ASU design students travel to New York City

Nearly a dozen 20-somethings walk quickly with luggage rolling in suit and eyes glued to the skyline above. The dirty, uneven sidewalks pose as an obstacle as we try and prevent our large suitcases from getting caught and risk falling behind the pack. The smell of raw seafood is in the air as we make our way into the depths of Chinatown. We swiftly pass the bodegas being stacked with fresh meat and produce for the Sunday morning shoppers. Finally, we get to the hotel. Within five minutes, we drop off our bags, freshened up and head out the door to seize our first day of adventure.
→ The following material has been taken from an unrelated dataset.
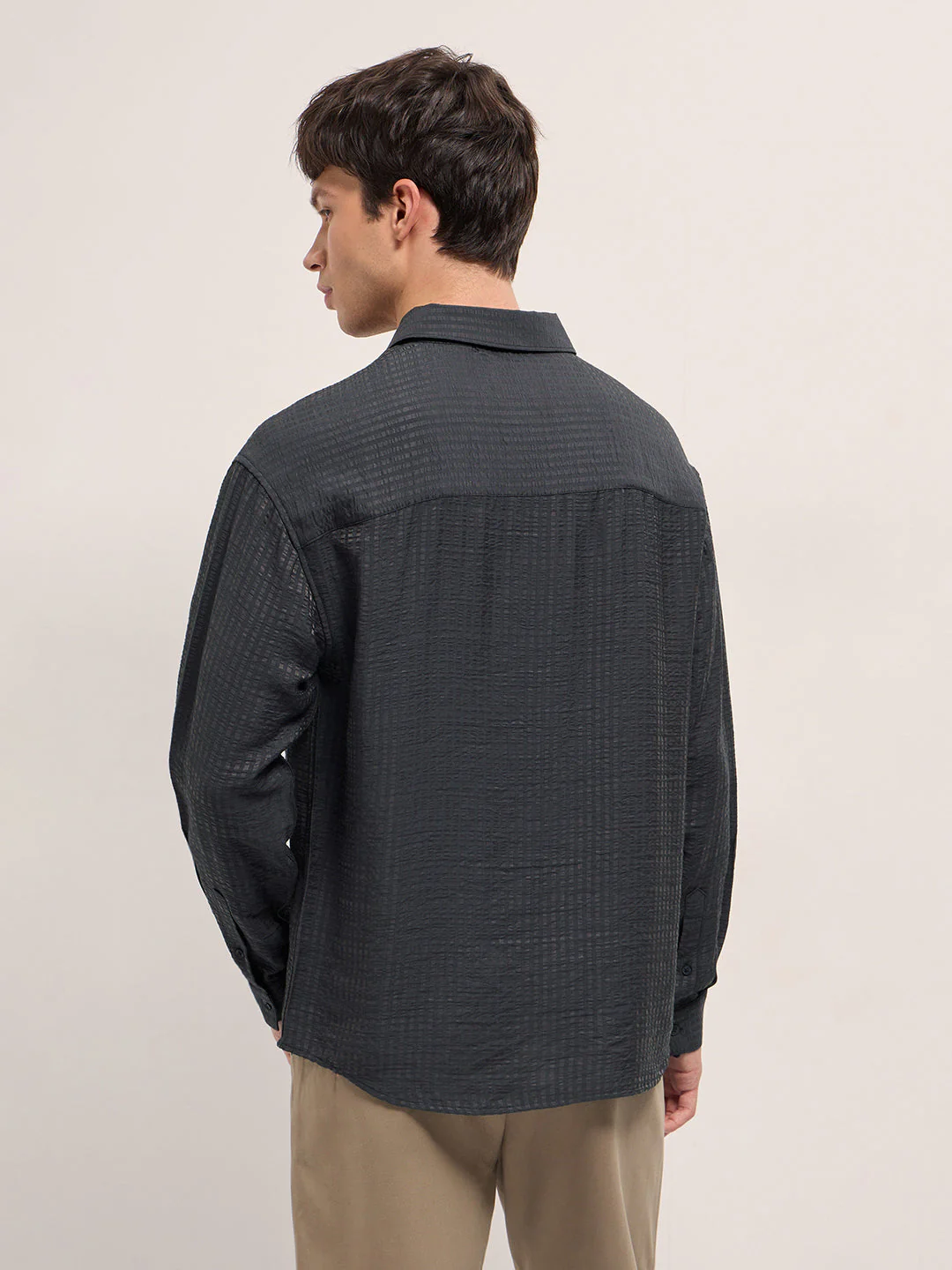 Men Purple Crinkled Stripe Textured Relaxed Fit Long Sleeve Shirt - Image 2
We are the Graphic Design Student Association at Arizona State University’s Herberger Institute for Design and the Arts. Every year the GDSA committee chooses a city and plans a week full of visits to design firms and studios to help students make connections and learn more about the possible careers in graphic design. We had a month-long USEED campaign to raise money for the hotel expenses and studio visits.
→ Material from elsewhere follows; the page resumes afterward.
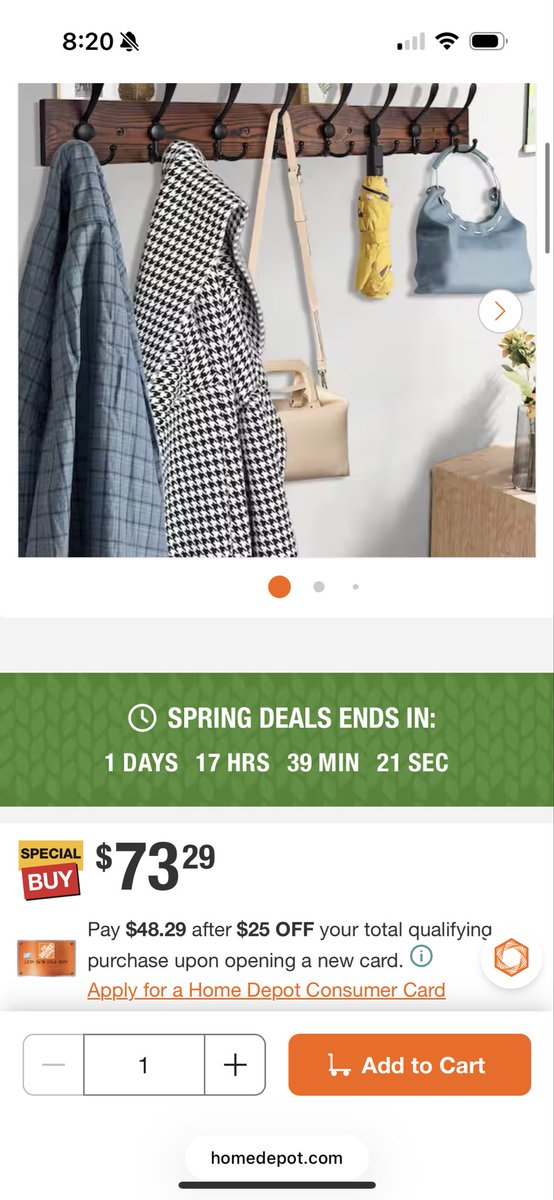 Ben_Krum's tweet photo. I bought my wife a coat rack listed as “unbranded” from @HomeDepot for $74. I did store pickup and it was in an Amazon Prime box. Thought that was weird. The inside had a product label on it. I looked it up on @amazon and it was $25. HD tried to upcharge me $50. Isn’t that shady? https://t.co/mc6tNtLALu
In the weeks approaching the trip, my friends and I couldn’t contain our excitement. We tried making plans on where to go and what to do — luckily we had a tour guide in Willow Greene (SPM’s lead photographer) who lived in Manhattan last summer and knew of the coolest places to hang out, eat and photograph. She led us through the streets and underground subway systems, making our experience truly authentic.

Our first stop was breakfast in Tribeca at Two Hands Cafe. If Free People had a coffee shop, it would be this one. Colorful artwork hung on the white-washed brick walls and between the strings of light, clumps of cotton were dangling from the ceiling as beautifully crafted clouds.

When our strikingly-attractive Australian waiter brought us our avocado toast and coffee, I couldn’t tell if it was the food or his face, but I was in love. We definitely started the trip on a high note.

After our meal, we walked around what felt like the entire borough of Manhattan — we went past NYU, stopped by Washington Square Garden and took in the bustle of the city. I remember thinking New York was one of the few places that I could walk aimlessly around all day long.

We made it a priority to find the best place to eat wherever we ended up. Every meal had its own unique experience, but there’s one meal in particular that I’ll never forget. On our second night, we went to a local Indian restaurant, Panna II, on First Avenue.

Right next to Panna II is another Indian restaurant, and outside of both these seemingly-identical places are two men yelling in heavy accents for you to choose their restaurant and not the other’s. The intensity of this “restaurant battle” is amusing, and it almost makes you afraid to choose.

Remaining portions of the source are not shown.